- Exercise prompt: Copy the line containing "1BH082-2 PRADA 普拉達新款原版鹿皮紋相机包", then all lines after it up to and including the final line of the material, exactly and without additions.

- Dataset records:
----------------------------------------
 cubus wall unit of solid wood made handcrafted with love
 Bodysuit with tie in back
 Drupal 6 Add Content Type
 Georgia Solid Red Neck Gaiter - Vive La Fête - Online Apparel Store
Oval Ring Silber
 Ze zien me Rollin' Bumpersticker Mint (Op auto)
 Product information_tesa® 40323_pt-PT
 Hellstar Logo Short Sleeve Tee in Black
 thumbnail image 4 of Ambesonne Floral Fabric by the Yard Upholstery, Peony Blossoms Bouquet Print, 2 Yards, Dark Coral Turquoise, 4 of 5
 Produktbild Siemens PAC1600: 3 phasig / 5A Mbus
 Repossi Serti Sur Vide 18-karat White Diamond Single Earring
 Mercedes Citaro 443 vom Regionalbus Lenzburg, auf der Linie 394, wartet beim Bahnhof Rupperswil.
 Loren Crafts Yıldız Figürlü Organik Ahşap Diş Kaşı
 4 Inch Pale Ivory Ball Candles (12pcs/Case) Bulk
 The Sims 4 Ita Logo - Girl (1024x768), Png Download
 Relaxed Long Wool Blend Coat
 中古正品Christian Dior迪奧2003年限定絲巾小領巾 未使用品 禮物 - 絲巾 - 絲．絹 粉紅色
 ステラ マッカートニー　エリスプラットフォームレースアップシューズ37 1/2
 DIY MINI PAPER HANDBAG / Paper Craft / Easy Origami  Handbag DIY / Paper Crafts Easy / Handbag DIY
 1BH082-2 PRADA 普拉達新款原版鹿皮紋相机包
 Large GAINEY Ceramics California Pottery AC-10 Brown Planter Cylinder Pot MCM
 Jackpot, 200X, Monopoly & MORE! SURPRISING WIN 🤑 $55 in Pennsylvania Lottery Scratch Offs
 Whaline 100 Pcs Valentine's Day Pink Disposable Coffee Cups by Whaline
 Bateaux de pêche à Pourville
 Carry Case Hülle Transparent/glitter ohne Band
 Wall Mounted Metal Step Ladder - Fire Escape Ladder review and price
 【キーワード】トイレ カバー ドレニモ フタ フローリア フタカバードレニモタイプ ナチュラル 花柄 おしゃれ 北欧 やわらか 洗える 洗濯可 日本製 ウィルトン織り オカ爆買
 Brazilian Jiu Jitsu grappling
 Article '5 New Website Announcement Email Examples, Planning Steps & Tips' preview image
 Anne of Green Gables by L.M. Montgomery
----------------------------------------
- Reply to the exercise:
 1BH082-2 PRADA 普拉達新款原版鹿皮紋相机包
 Large GAINEY Ceramics California Pottery AC-10 Brown Planter Cylinder Pot MCM
 Jackpot, 200X, Monopoly & MORE! SURPRISING WIN 🤑 $55 in Pennsylvania Lottery Scratch Offs
 Whaline 100 Pcs Valentine's Day Pink Disposable Coffee Cups by Whaline
 Bateaux de pêche à Pourville
 Carry Case Hülle Transparent/glitter ohne Band
 Wall Mounted Metal Step Ladder - Fire Escape Ladder review and price
 【キーワード】トイレ カバー ドレニモ フタ フローリア フタカバードレニモタイプ ナチュラル 花柄 おしゃれ 北欧 やわらか 洗える 洗濯可 日本製 ウィルトン織り オカ爆買
 Brazilian Jiu Jitsu grappling
 Article '5 New Website Announcement Email Examples, Planning Steps & Tips' preview image
 Anne of Green Gables by L.M. Montgomery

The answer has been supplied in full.